Material provided:

"""

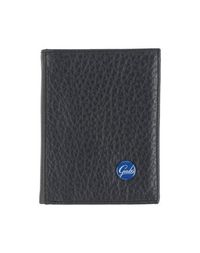 Бумажник Gabs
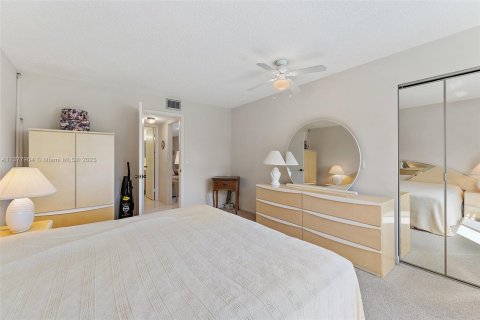 Condominio en venta en Greenacres, Florida, 2 dormitorios, 86.86 m2 № 471617 - foto 23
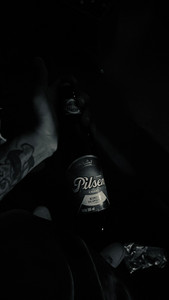 Chalaca by Dirty Money Gang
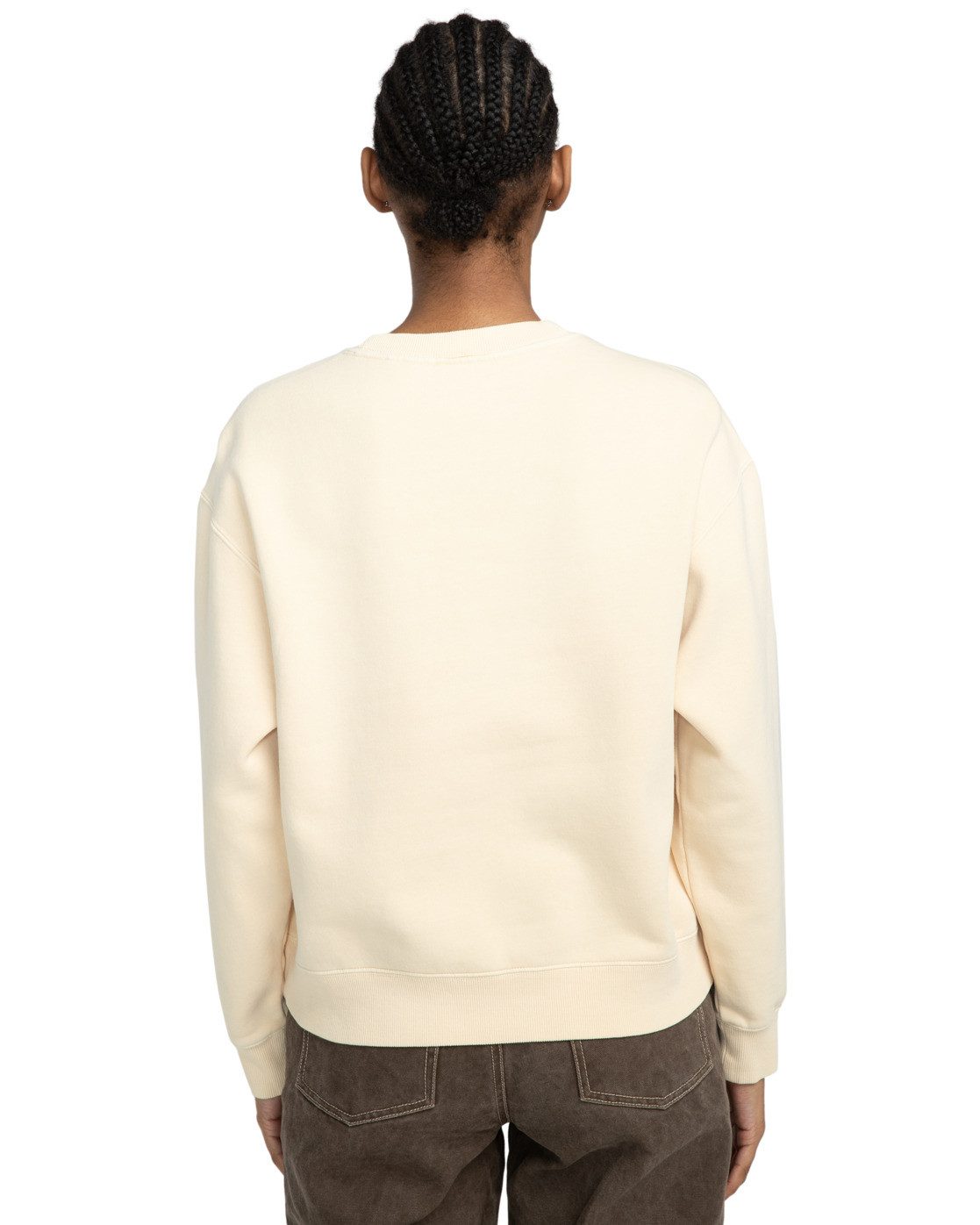 Element Sweatshirt Cornell 3.0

"""

Assignment:
When you restate the listing above, give each line word for word but leave out every image.

Result:
 Бумажник Gabs
 Condominio en venta en Greenacres, Florida, 2 dormitorios, 86.86 m2 № 471617 - foto 23
 Chalaca by Dirty Money Gang
 Element Sweatshirt Cornell 3.0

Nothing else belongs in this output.